At times it was as though Mr. Ziff demanded the best of Royko and Frost from aspiring journalists, newspaper work that was at once soaring and fierce.
“Howard was part Chicago precinct captain and part Amherst College philosophy professor,’’ Norman Simms, whom Mr. Ziff hired to teach at UMass Amherst, told B.J. Roche in 1998 for a UMass Magazine profile of Mr. Ziff, occasioned by his retirement.
Mr. Ziff majored in philosophy at Amherst College, a background that could be seen in everything from his journalism ethics courses to the way he mused about the business.
Ultimately, though, words and sentences mattered most, regardless of the technology used to deliver the news.
“I don’t think that good writing will ever go away,’’ Mr. Ziff said in the UMass Magazine profile. “That’s impossible. You’ve got to think and reflect, and you don’t know what you think until you’ve written it.’’

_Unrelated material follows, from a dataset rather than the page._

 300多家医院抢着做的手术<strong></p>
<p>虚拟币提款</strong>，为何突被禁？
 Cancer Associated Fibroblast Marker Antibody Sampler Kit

Mr. Ziff was born in Holyoke, the youngest of three children whose father owned a curtain company. Even when he was young, Mr. Ziff’s prodigious memory drew notice.
“He had an amazing ear,’’ said his daughter, Ellen of Amsterdam. “He thought the point was to memorize everything on the page, and he remembered everything. When he had his bar mitzvah, they gave him jazz records and they gave him opera records. He could recognize the nationality of an orchestra by its sound. In his jazz phase, he could tell you what session it was.’’

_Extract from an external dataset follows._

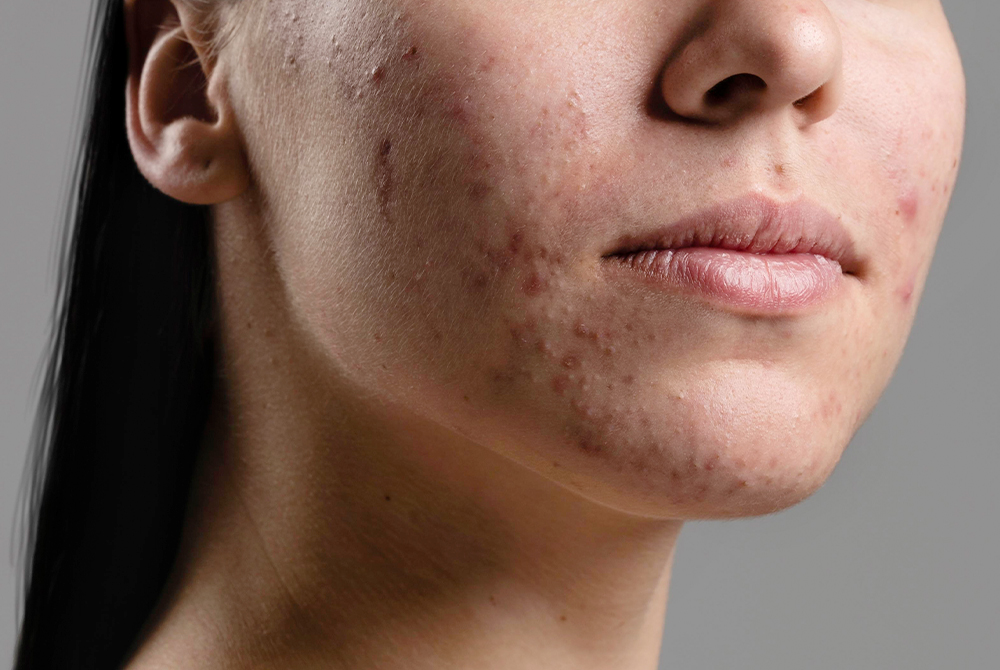 Acne and Blemishes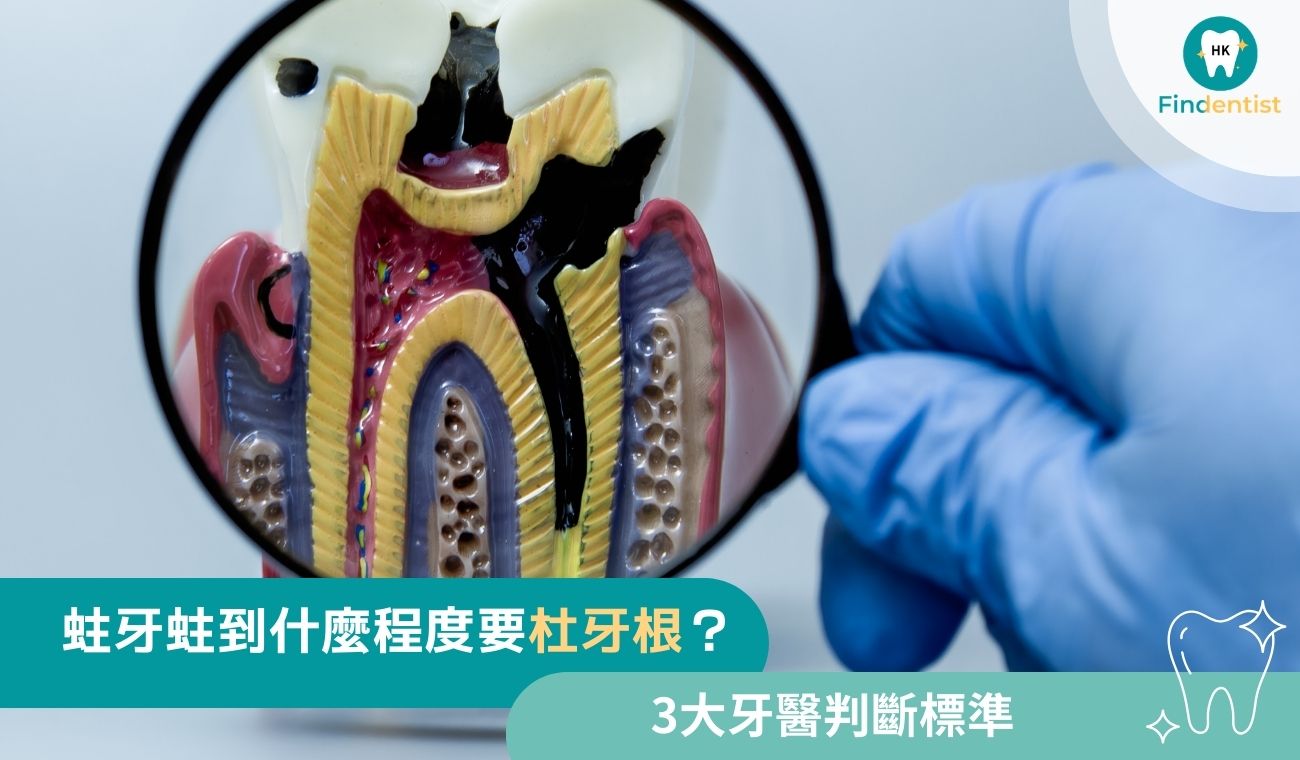 蛀牙蛀到什麼程度要杜牙根？牙醫判斷標準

That ear was just as valuable when he became a journalist.
“He could listen to what people said in ways not everybody could do,’’ his daughter said.
After graduating from Amherst College in 1951, he went to Columbia University in New York City briefly for graduate work in philosophy, but left because he did not like the direction his academic discipline was taking in those years.